El anlisis citogentico del tejido del tumor revel el cariotipo 48 50, XX, del ()
(q13q21.2), + DEL () (q13q21.2)! 4 [CP12], con un mximo de cinco copias del
cromosoma 8 derivativo . Anlisis IP-FISH en ncleos aislados de una muestra FFPE
de la lipoblastoma confirmaron los resultados del anlisis citogentico. La
amplificacin y la regin de la delecin se confirmaron con IP-FISH utilizando _ Clones
BAC y Sondas comerciales del brazo largo del cromosoma 8 .
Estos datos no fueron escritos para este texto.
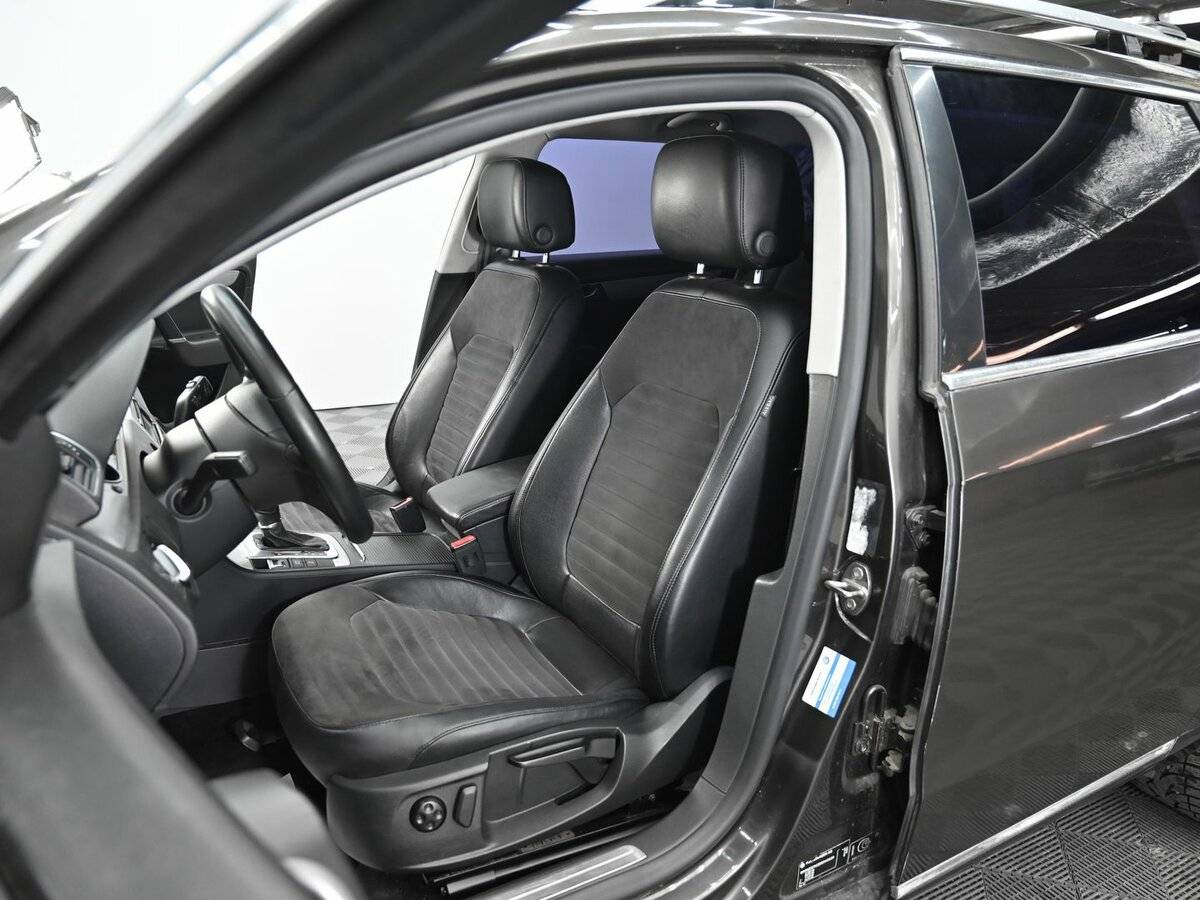 Купить Volkswagen Passat, 2012, 121 000 км, фото №6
El anlisis de CGH tambin confirm la amplificacin de las regiones parciales del
cromosoma , mientras que la delecin no es claramente detectable. Este resultado
CGH podra ser debido al menor tamao de la delecin en combinacin con la
amplificacin y los distintos nmeros del cromosoma 8 derivativo .
Sin embargo, el CGH no pudo demostrar mayores ganancias y prdidas. Por otra parte,
una amplificacin del cromosoma 8 no fue detectable en el tejido normal del paciente.
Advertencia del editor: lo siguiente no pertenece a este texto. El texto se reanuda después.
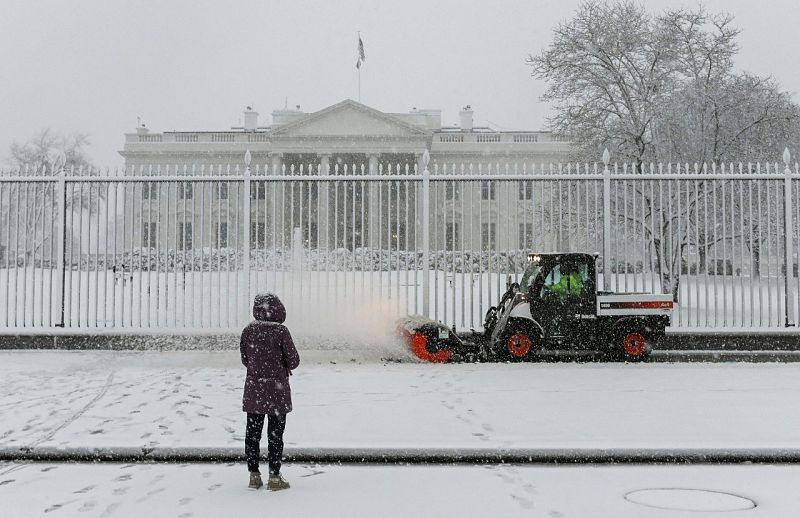 Miles de vuelos cancelados en EE.UU. por las nevadas y la variante ómicron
Este resultado demuestra que en este caso, del cromosoma 8 derivtivo y su
amplificacin constituyen la nica razn de citogentica para el desarrollo de esta
lipoblastoma.
La amplificacin gnica es un mecanismo frecuente de activacin de oncogenes. Aqu,
mostramos que la amplificacin de PLAG1 es un evento crtico an ms en la
tumorignesis lipoblastoma. El anlisis citogentico demostr una translocacin en la
mayora lipoblastoma.
Sin embargo, del puntos de quiebre no siempre se encuentran en el gen PLAG1 en
8q12. Por lo tanto, es necesario obtener ms informacin sobre los antecedentes
genticos de lipoblastomas, especialmente mediante el uso de tecnologa de CGH
array-based. Puede ser posible que la amplificacin del gen PLAG1 tuvo una mayor
influencia en la tumorignesis lipoblastoma de lo esperado.
En conclusin, hemos podido demostrar que la amplificacin del cromosoma conduce
a la activacin de PLAG1. Adems, nuestras observaciones hacen hincapi en la
importancia de PLAG1 en el desarrollo de lipoblastoma.